Pas de culture sans langue(*), Pas de nation sans culture, pas de civilisation sans nations, encore faut-il voir dans la civilisation plus une intersection qu’une union. Dire des croisades qu’elles furent un choc de civilisations est un peu réducteur, parce le choc fut plus, alors, entre Chrétiens d’occident et d’orient qu’entre musulmans et croisés, l’échec final de ses derniers y trouve une part majeur de ses causes.
Le paragraphe sur la conquête espagnole de l’Amérique est un morceau d’anthologie de la « culture CAMIF », j’y reviendrais, mais avant il faut relativiser les millénaires, ainsi Rome ne considérait pas du tout les cultures « conquises » comme négligeables, au contraire, le respect religieux était total (on note cependant l’interdiction des sacrifices humains en Gaule) et même plus puisque les romains n’hésitaient pas à ajouter les dieux étrangers aux leurs. Pour ces mêmes civilisateurs le pillage n’était pas systématique ni absolu (contrairement aux autres peuples antiques) et était conditionné au accords politiques trouvés ; Rome voulait des nations associées et des individus imposables, pas des déserts. Enfin, est c’est là l’un des apports les plus significatifs des Latins, ils savaient reconnaitre les mérites d’autrui, leur emblématique glaive est espagnol,leurs charriots étaient Gaulois et leur astronomie Alexendriote ; seule leur philosophie politique était leur invention, encore que les Étrusques …

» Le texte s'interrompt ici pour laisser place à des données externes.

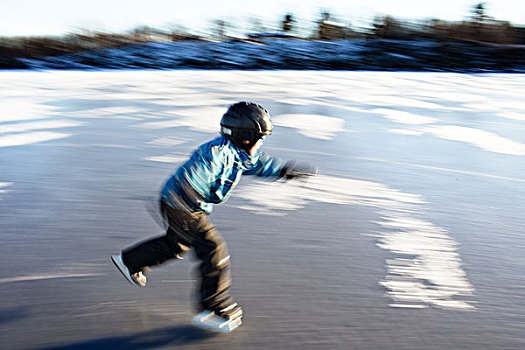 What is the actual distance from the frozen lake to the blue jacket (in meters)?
0.46

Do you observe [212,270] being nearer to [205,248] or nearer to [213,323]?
[205,248]

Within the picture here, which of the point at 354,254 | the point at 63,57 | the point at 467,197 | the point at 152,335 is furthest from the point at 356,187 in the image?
the point at 63,57

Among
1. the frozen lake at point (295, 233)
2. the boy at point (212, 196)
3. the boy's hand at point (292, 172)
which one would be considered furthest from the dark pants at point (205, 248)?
the boy's hand at point (292, 172)

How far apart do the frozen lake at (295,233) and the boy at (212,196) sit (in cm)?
11

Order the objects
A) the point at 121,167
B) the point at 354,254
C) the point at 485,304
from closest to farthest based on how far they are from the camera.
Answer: the point at 485,304 → the point at 354,254 → the point at 121,167

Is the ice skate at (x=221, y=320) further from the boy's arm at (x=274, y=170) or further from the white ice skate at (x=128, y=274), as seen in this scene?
the boy's arm at (x=274, y=170)

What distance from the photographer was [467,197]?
3.81 metres

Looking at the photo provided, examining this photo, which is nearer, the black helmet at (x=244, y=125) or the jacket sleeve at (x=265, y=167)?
the black helmet at (x=244, y=125)

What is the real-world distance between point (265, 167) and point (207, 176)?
0.29 m

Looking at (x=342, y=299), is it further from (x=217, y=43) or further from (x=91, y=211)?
(x=217, y=43)

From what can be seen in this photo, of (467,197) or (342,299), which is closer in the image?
(342,299)

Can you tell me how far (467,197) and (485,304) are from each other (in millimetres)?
1559

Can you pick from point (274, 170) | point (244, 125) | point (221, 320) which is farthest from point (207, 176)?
point (221, 320)

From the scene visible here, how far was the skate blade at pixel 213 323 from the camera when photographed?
2.15 meters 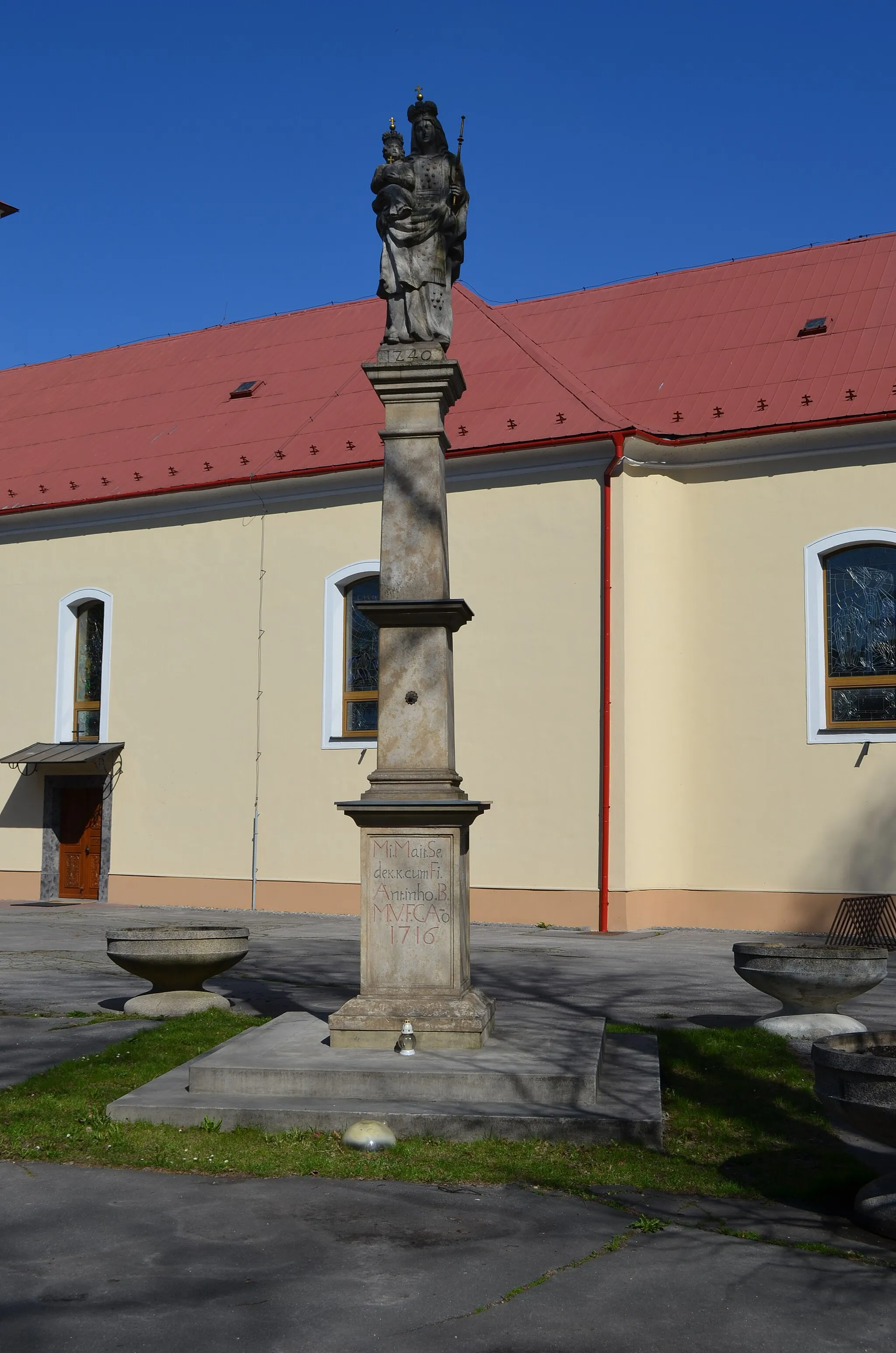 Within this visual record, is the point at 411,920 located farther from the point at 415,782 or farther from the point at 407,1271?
the point at 407,1271

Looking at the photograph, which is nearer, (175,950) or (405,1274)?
(405,1274)

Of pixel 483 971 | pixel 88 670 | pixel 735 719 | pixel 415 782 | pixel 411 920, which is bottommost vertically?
pixel 483 971

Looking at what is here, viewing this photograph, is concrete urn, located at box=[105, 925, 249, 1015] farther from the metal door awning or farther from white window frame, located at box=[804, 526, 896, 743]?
the metal door awning

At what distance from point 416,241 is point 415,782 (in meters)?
3.36

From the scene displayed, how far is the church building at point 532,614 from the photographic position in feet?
58.7

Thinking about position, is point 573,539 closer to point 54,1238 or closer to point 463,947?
point 463,947

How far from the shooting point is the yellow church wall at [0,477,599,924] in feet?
60.4

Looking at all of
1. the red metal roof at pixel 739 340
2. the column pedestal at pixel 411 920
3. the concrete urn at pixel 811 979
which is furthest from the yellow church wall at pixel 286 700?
the column pedestal at pixel 411 920

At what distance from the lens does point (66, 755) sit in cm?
2136

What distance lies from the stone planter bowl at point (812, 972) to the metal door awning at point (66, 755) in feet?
47.7

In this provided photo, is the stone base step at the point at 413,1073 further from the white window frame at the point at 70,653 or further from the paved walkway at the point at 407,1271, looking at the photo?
the white window frame at the point at 70,653

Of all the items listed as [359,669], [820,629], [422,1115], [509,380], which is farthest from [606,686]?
[422,1115]

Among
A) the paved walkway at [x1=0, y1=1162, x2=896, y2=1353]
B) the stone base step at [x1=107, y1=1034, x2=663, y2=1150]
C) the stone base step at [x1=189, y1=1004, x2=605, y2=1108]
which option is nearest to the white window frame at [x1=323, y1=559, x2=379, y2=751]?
the stone base step at [x1=189, y1=1004, x2=605, y2=1108]

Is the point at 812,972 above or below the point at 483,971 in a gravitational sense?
above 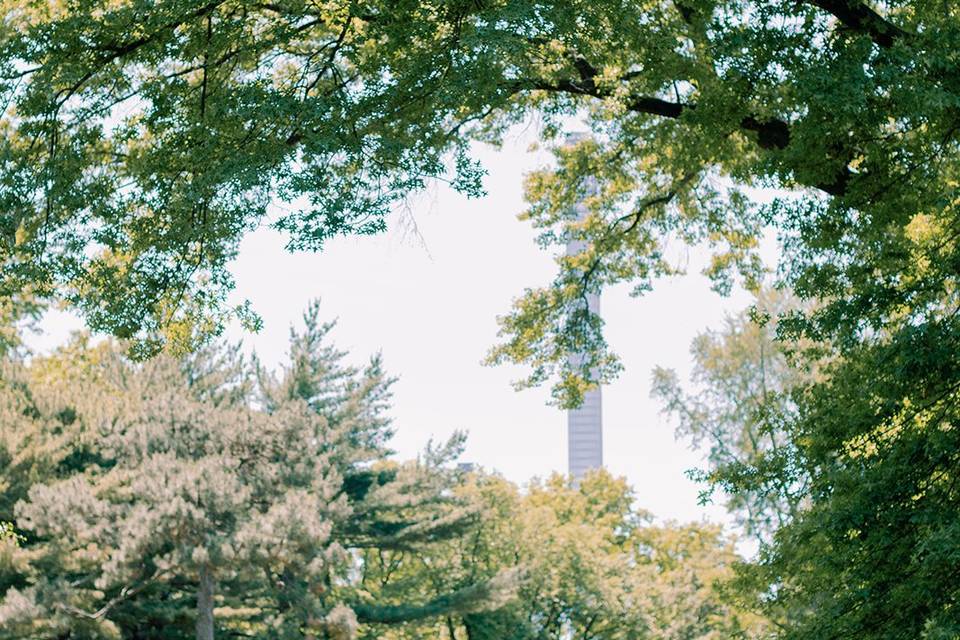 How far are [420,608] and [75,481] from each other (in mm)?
8301

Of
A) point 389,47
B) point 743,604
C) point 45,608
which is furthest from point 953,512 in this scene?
point 45,608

Il ne faut jamais perdre de vue que Christophe Colomb à découvert l’Amérique à peu prés par hasard, la conquête territoriale n’était pas un présupposé de l’expédition et il fallu une bonne décennie pour que lui et ses successeurs arrivent à l’occupation, pour convaincre il leur fallut des arguments, l’or est très convaincant. D’ailleurs sans l’Amérique l’Espagne aurait achevé la reconquête du Maghreb et la bataille des trois Rois n’aurait probablement pas eu lieu.
Le traitement réservé à l’art précolombien n’a rien d’une volonté de réduction culturelle ou religieuse, d’ailleurs ce sont les Jésuites qui vont sauver ce qu’ils pourront, dans le même temps en Europe on détruisait des monuments antiques encore debout, on réduisait en chaux des milliers de merveilles de marbre grecques et romaines, on piquait ou recouvrait des fresques antérieures, on dénaturait les églises primitives. Il faudra encore que l’humanité attende 3 siècles pour que Joseph Lakanal et l’abée Grégoire inventent la notion de patrimoine culturel, Chaptal, Mérimée, Jules Grévy sont les illustres noms qui suivent. Les Espagnols se sont comportés  en Amérique exactement comme le faisait toutes les armées en Europe, ni plus ni moins.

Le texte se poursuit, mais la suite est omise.